Unhooked: How Young Women Pursue Sex, Delay Love, and Lose at Both Cover

Synopses & Reviews

Publisher Comments:

An eye-opening examination of the hookup culture, seen through the personal experiences of high school and college age women who confront the hard lessons of dating, love, and sex.

We're living in an increasingly sexualized world, and it's the young — particularly young women — who must deal with the consequences. Kids are having more sexual contact than ever, and at an earlier age. They call it hooking up. But what is hooking up? According to Laura Sessions Stepp, a reporter at The Washington Post, hooking up eludes a neat definition. It can be anything from an innocent kiss to sexual.

In Unhooked, Stepp follows three groups of young women (one in high school, one each at Duke and George Washington universities). She sat with them in class, socialized with them, listened to them talk, and came away with some disturbing insights, including that hooking up carries with it no obligation on either side. Relationships and romance are seen as messy and time-consuming, and love is postponed — or worse, seen as impossible. Some young women can handle this, but many can't, and they're being battered — physically and emotionally — by the new dating landscape. The result is a generation of young people stymied by relationships and unsure where to turn for help.

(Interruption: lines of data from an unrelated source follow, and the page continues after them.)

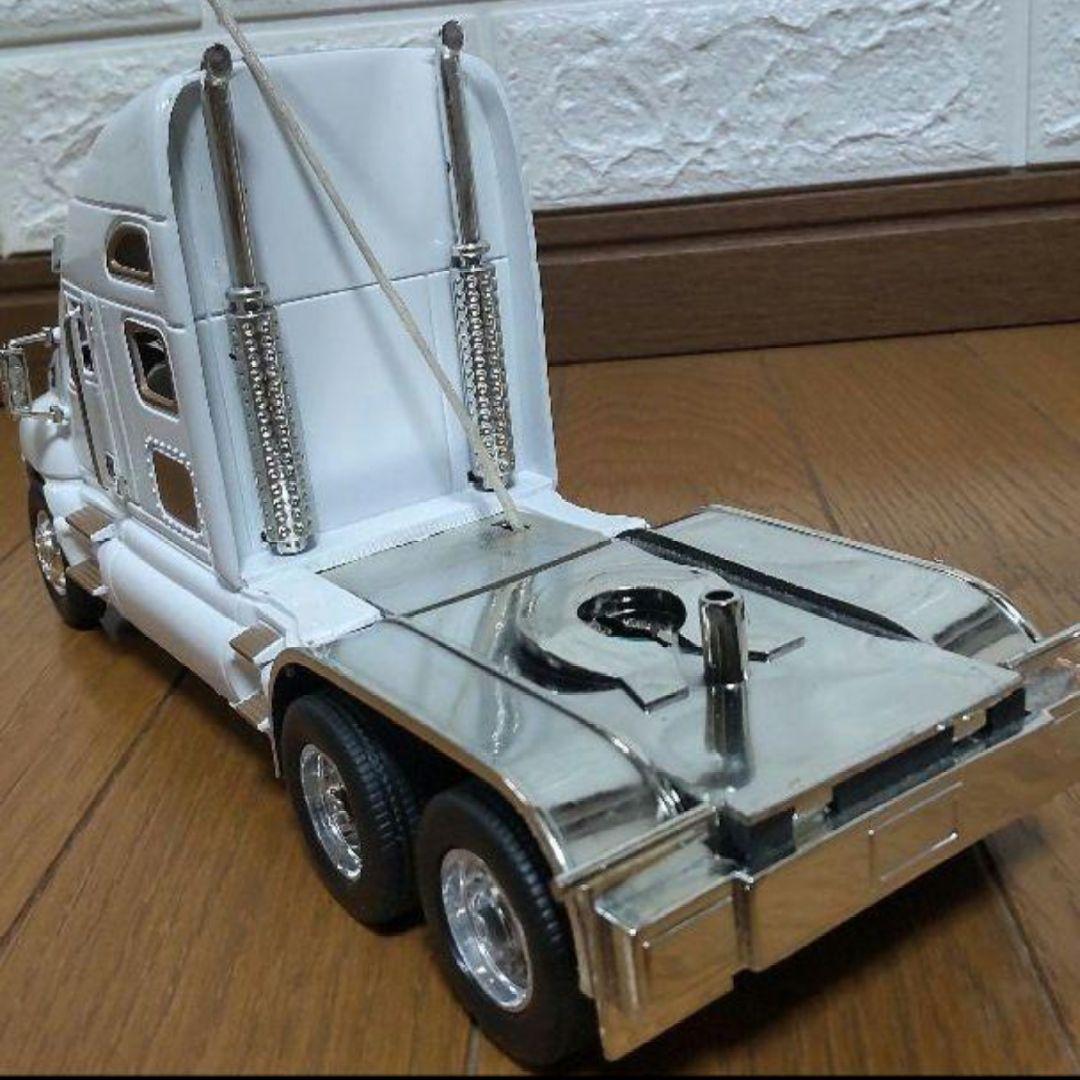 ラジコン　トレーラー詳細②　アメリカンスタイルトレーラーヘッド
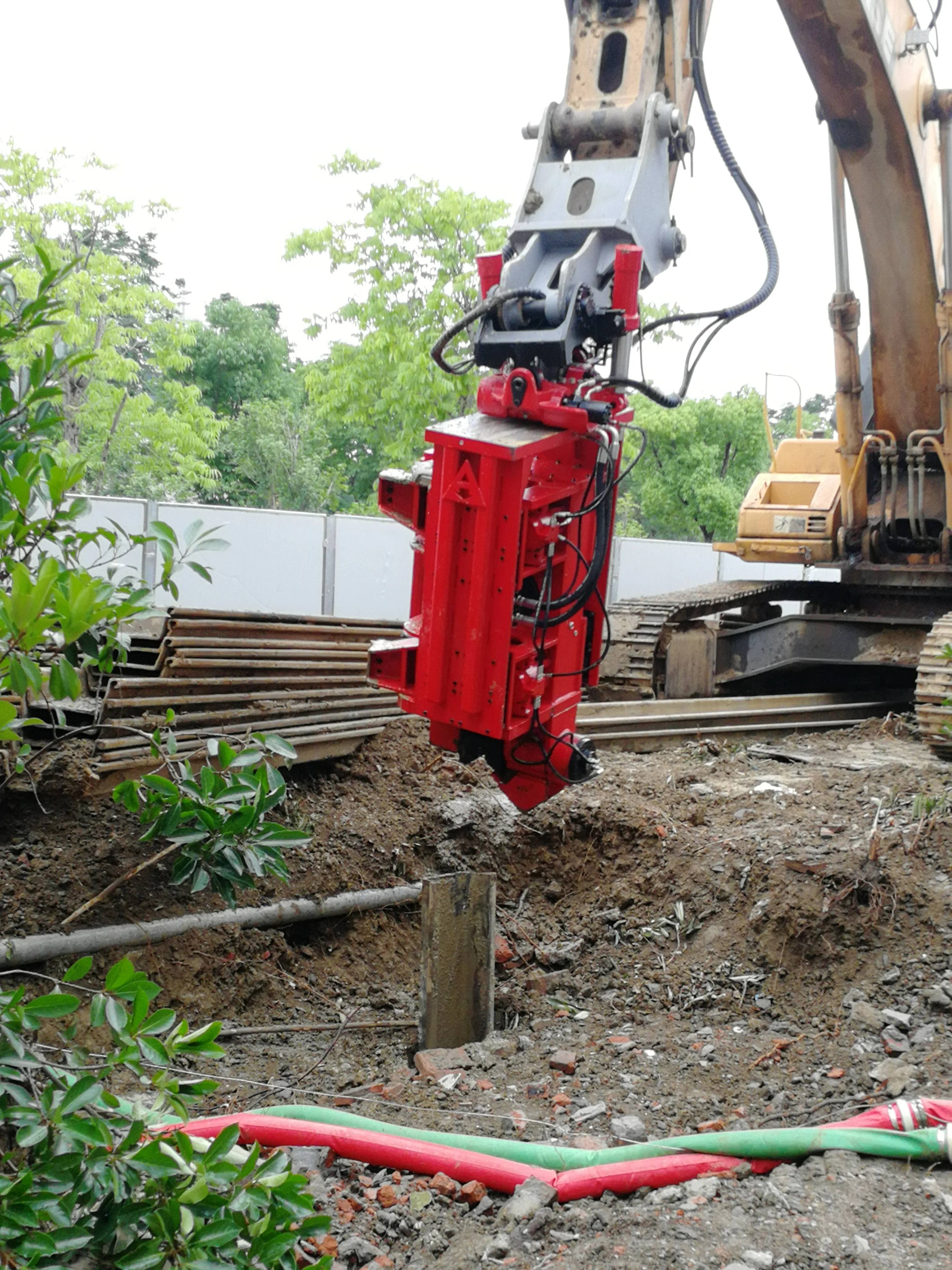 TALOS65 side grip vibro hammer sheet piling equipment excavator mounted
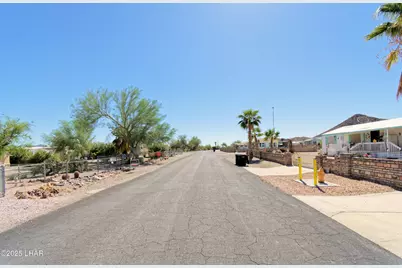 860 S Connor Ln, Quartzsite, AZ 85346 - Photo 23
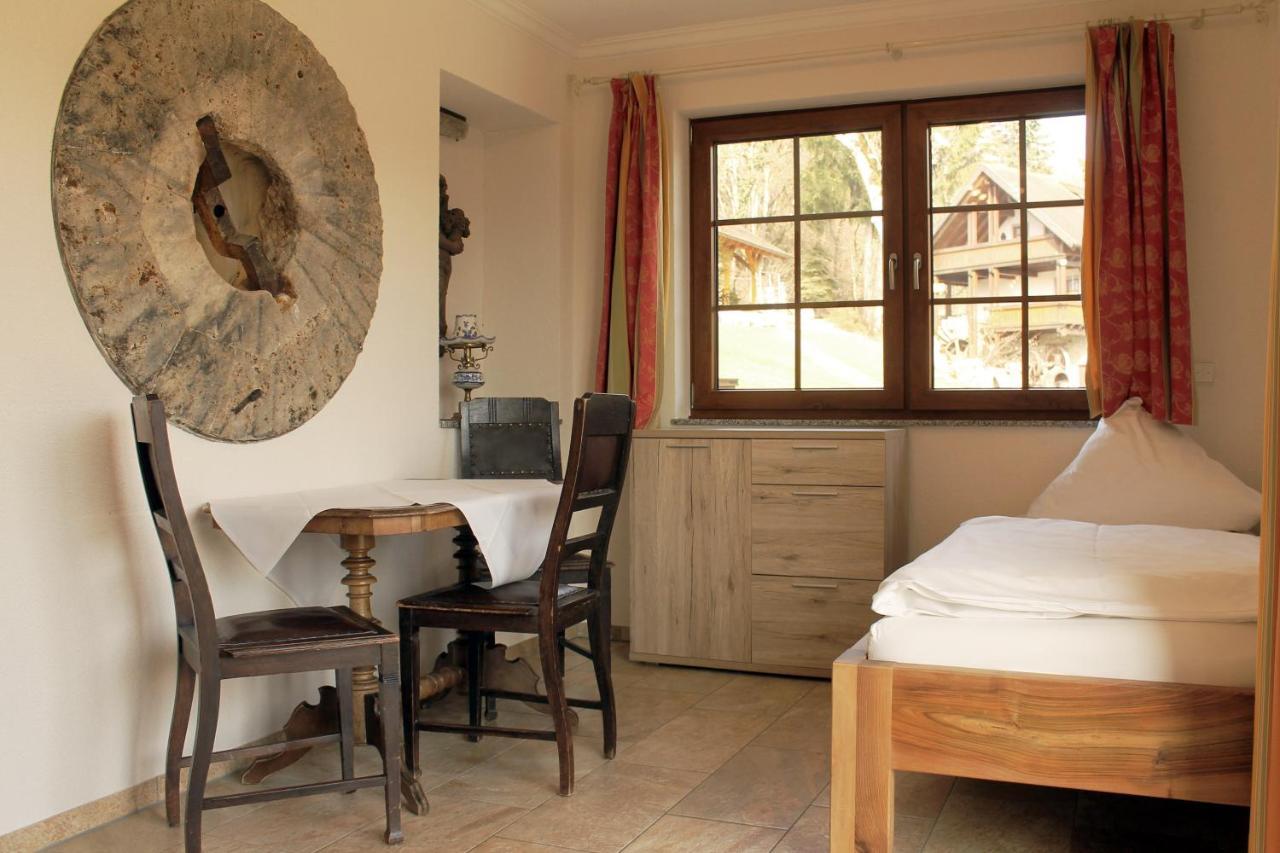 Erlebnisgastronomie Lochmuhle Hotel Eigeltingen Eksteriør billede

"The need to be connected intimately to others is as central to our well-being as food and shelter," Stepp writes in Unhooked. "In my view, if we don't get it right, we're probably not going to get anything else in life right."

Review:

"In her second book, journalist Stepp (Our Last Best Shot) gets an inside perspective on the 'hookup,' which has become the 'primary currency of social interaction' between the sexes in high schools and colleges. Though it's clear where Stepp, mother of three, stands in regard to 'hooking up' — a no-strings-attached sex act that allows participants 'the freedom to unhook' at any time — Stepp has a seasoned pro's ability to step back, examining carefully and sympathetically the 'cultural shift' in its particulars, through the individual stories of interviewees, as well as in its broader cultural impact. Inspired by a series of articles she wrote on eighth-grade oral sex rings for The Washington Post in 1998 ('two years before the popularity of oral sex in middle schools percolated through the media'), Stepp avoids breathless sensationalism, preferring instead to explore the meaning of 'hooking up,' its fallout, potential long-range consequences for women and men, and the factors that have allowed such a shift to take place — wisely asking, 'Where are young women's teachers?' rather than 'What is wrong with these girls?' Though it would have benefited from a winnowing of interviews, this insightful study is vivid and engaging, and includes a practical conversation guide for mothers and daughters, making it a valuable text for parents that goes beyond the latest the-kids-are-not-alright headlines." Publishers Weekly (Copyright Reed Business Information, Inc.)

Review:

"Articles, op-ed pieces and radio shows have been devoted to the sexual practice of 'hooking up,' but Washington Post reporter Laura Session Stepp's Unhooked is the first book on the phenomenon and, one hopes, not the last. For when someone takes such a volatile aspect of young people's lives and puts it under a microscope — or in this case, a concerned, disapproving gaze — you... Washington Post Book Review (read the entire Washington Post review)

Review:

"A must-read for young women grappling with important sexual decisions." Booklist

Review:

"Unhooked is suffused with the vague anxiety that is symptomatic of the teens-in-crisis genre....Buying into alarmism about women, Unhooked makes sex into a bigger, scarier, and more dangerous thing than it already is." Meghan O'Rourke, Slate

Review:

"Unhooked is a remarkable book: astute, insightful, and rigorously reported. By investigating the struggles young women face as they navigate the differences between sex and love, Laura Stepp shows us how rocky a road that can be. This book and the issues it raises demand the attention of all of us — young and old, children and parents, women and men." William Raspberry, author of Looking Backward at Us

Review:

"A riveting and shocking book. Laura Stepp's superb investigative work raises questions that are as compelling as they are appalling: Are young women accepting as okay sexual behavior that isn't okay and never has been? Can girls really act like boys and get away with it emotionally? What happens when boys who have no sexual boundaries placed upon them grow up to be men? This is a book you can't stop reading and you won't stop talking about." Patricia Cornwell, bestselling author of Predator

About the Author

Laura Sessions Stepp is a journalist who specializes in covering teenagers and the adolescent years for the Style Section of The Washington Post. Her work has appeared in such publications as Parent, Child, Working Mother, Reader's Digest, and Nieman Reports of Harvard University. She has served as a member of the U.S. Surgeon General's Healthy People 2000 Panel on Adolescence in 1998 and 1999 and chairs the board of advisers of the Casey Journalism Center on Children and Families at the University of Maryland.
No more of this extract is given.